**EXERCISE DATA:**
========================================================================
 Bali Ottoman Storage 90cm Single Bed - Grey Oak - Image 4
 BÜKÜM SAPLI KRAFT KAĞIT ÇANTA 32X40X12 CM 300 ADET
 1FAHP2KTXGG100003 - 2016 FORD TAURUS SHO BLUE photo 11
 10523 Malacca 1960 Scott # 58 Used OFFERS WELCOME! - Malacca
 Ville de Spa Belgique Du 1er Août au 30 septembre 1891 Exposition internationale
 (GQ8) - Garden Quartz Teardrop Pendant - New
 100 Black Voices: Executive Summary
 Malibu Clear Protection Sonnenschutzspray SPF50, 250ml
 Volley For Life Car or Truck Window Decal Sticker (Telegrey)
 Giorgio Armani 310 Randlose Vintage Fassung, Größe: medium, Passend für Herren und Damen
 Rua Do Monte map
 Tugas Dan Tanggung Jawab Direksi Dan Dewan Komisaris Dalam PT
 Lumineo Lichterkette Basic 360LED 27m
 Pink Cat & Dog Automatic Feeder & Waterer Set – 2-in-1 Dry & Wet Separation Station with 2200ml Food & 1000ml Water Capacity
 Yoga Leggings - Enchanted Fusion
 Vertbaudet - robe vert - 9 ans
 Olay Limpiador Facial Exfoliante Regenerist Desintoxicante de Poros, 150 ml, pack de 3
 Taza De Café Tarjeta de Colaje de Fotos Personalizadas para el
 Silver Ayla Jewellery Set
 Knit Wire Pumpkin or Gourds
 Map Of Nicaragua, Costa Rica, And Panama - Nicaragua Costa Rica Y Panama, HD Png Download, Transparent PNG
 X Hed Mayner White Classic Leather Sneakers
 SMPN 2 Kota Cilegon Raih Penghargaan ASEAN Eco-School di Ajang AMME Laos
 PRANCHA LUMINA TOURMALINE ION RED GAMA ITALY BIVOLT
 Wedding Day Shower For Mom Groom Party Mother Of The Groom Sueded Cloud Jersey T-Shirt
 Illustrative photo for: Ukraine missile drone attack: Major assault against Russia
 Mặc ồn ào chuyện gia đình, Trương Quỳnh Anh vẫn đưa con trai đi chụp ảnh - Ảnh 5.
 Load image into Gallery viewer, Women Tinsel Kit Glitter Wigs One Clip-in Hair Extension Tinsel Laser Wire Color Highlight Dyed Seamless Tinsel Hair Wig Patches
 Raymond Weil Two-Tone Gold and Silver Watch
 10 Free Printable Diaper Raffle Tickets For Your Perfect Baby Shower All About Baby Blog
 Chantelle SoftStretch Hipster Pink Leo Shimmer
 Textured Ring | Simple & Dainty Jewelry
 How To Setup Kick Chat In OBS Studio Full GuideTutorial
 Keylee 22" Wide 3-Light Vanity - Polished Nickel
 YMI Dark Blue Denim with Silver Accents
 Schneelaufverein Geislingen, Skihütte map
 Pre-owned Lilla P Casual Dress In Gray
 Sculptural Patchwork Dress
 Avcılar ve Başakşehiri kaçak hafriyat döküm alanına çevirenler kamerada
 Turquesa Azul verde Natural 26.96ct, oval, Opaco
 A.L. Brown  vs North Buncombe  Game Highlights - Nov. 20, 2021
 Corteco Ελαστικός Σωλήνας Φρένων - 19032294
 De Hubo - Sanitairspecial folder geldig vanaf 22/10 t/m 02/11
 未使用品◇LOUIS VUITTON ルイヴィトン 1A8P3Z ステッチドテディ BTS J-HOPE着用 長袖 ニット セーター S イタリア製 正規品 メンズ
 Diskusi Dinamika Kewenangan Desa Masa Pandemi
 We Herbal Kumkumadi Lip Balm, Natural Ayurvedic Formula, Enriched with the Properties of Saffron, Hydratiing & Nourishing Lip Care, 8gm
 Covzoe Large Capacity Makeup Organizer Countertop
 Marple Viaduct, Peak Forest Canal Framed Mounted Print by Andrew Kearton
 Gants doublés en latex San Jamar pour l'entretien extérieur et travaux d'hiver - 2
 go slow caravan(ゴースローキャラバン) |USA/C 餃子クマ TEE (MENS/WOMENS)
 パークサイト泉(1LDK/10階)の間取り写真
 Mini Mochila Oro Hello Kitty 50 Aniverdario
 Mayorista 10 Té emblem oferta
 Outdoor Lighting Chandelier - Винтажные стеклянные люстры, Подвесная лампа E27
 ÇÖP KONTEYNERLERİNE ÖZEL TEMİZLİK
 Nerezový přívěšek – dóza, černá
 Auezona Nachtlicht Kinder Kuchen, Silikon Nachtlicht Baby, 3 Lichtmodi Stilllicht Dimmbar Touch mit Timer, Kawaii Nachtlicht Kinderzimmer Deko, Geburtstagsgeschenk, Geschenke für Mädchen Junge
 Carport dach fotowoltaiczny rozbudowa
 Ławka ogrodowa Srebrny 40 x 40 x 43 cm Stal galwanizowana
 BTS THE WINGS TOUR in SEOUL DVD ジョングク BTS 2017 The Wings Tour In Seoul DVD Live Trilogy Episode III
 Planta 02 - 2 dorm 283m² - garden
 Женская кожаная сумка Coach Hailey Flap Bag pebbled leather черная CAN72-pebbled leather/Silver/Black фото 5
========================================================================
**EXERCISE REQUIREMENTS:** Restate every record above, exactly, in full.

**SOLUTION TO THE PROBLEM:**
 Bali Ottoman Storage 90cm Single Bed - Grey Oak - Image 4
 BÜKÜM SAPLI KRAFT KAĞIT ÇANTA 32X40X12 CM 300 ADET
 1FAHP2KTXGG100003 - 2016 FORD TAURUS SHO BLUE photo 11
 10523 Malacca 1960 Scott # 58 Used OFFERS WELCOME! - Malacca
 Ville de Spa Belgique Du 1er Août au 30 septembre 1891 Exposition internationale
 (GQ8) - Garden Quartz Teardrop Pendant - New
 100 Black Voices: Executive Summary
 Malibu Clear Protection Sonnenschutzspray SPF50, 250ml
 Volley For Life Car or Truck Window Decal Sticker (Telegrey)
 Giorgio Armani 310 Randlose Vintage Fassung, Größe: medium, Passend für Herren und Damen
 Rua Do Monte map
 Tugas Dan Tanggung Jawab Direksi Dan Dewan Komisaris Dalam PT
 Lumineo Lichterkette Basic 360LED 27m
 Pink Cat & Dog Automatic Feeder & Waterer Set – 2-in-1 Dry & Wet Separation Station with 2200ml Food & 1000ml Water Capacity
 Yoga Leggings - Enchanted Fusion
 Vertbaudet - robe vert - 9 ans
 Olay Limpiador Facial Exfoliante Regenerist Desintoxicante de Poros, 150 ml, pack de 3
 Taza De Café Tarjeta de Colaje de Fotos Personalizadas para el
 Silver Ayla Jewellery Set
 Knit Wire Pumpkin or Gourds
 Map Of Nicaragua, Costa Rica, And Panama - Nicaragua Costa Rica Y Panama, HD Png Download, Transparent PNG
 X Hed Mayner White Classic Leather Sneakers
 SMPN 2 Kota Cilegon Raih Penghargaan ASEAN Eco-School di Ajang AMME Laos
 PRANCHA LUMINA TOURMALINE ION RED GAMA ITALY BIVOLT
 Wedding Day Shower For Mom Groom Party Mother Of The Groom Sueded Cloud Jersey T-Shirt
 Illustrative photo for: Ukraine missile drone attack: Major assault against Russia
 Mặc ồn ào chuyện gia đình, Trương Quỳnh Anh vẫn đưa con trai đi chụp ảnh - Ảnh 5.
 Load image into Gallery viewer, Women Tinsel Kit Glitter Wigs One Clip-in Hair Extension Tinsel Laser Wire Color Highlight Dyed Seamless Tinsel Hair Wig Patches
 Raymond Weil Two-Tone Gold and Silver Watch
 10 Free Printable Diaper Raffle Tickets For Your Perfect Baby Shower All About Baby Blog
 Chantelle SoftStretch Hipster Pink Leo Shimmer
 Textured Ring | Simple & Dainty Jewelry
 How To Setup Kick Chat In OBS Studio Full GuideTutorial
 Keylee 22" Wide 3-Light Vanity - Polished Nickel
 YMI Dark Blue Denim with Silver Accents
 Schneelaufverein Geislingen, Skihütte map
 Pre-owned Lilla P Casual Dress In Gray
 Sculptural Patchwork Dress
 Avcılar ve Başakşehiri kaçak hafriyat döküm alanına çevirenler kamerada
 Turquesa Azul verde Natural 26.96ct, oval, Opaco
 A.L. Brown  vs North Buncombe  Game Highlights - Nov. 20, 2021
 Corteco Ελαστικός Σωλήνας Φρένων - 19032294
 De Hubo - Sanitairspecial folder geldig vanaf 22/10 t/m 02/11
 未使用品◇LOUIS VUITTON ルイヴィトン 1A8P3Z ステッチドテディ BTS J-HOPE着用 長袖 ニット セーター S イタリア製 正規品 メンズ
 Diskusi Dinamika Kewenangan Desa Masa Pandemi
 We Herbal Kumkumadi Lip Balm, Natural Ayurvedic Formula, Enriched with the Properties of Saffron, Hydratiing & Nourishing Lip Care, 8gm
 Covzoe Large Capacity Makeup Organizer Countertop
 Marple Viaduct, Peak Forest Canal Framed Mounted Print by Andrew Kearton
 Gants doublés en latex San Jamar pour l'entretien extérieur et travaux d'hiver - 2
 go slow caravan(ゴースローキャラバン) |USA/C 餃子クマ TEE (MENS/WOMENS)
 パークサイト泉(1LDK/10階)の間取り写真
 Mini Mochila Oro Hello Kitty 50 Aniverdario
 Mayorista 10 Té emblem oferta
 Outdoor Lighting Chandelier - Винтажные стеклянные люстры, Подвесная лампа E27
 ÇÖP KONTEYNERLERİNE ÖZEL TEMİZLİK
 Nerezový přívěšek – dóza, černá
 Auezona Nachtlicht Kinder Kuchen, Silikon Nachtlicht Baby, 3 Lichtmodi Stilllicht Dimmbar Touch mit Timer, Kawaii Nachtlicht Kinderzimmer Deko, Geburtstagsgeschenk, Geschenke für Mädchen Junge
 Carport dach fotowoltaiczny rozbudowa
 Ławka ogrodowa Srebrny 40 x 40 x 43 cm Stal galwanizowana
 BTS THE WINGS TOUR in SEOUL DVD ジョングク BTS 2017 The Wings Tour In Seoul DVD Live Trilogy Episode III
 Planta 02 - 2 dorm 283m² - garden
 Женская кожаная сумка Coach Hailey Flap Bag pebbled leather черная CAN72-pebbled leather/Silver/Black фото 5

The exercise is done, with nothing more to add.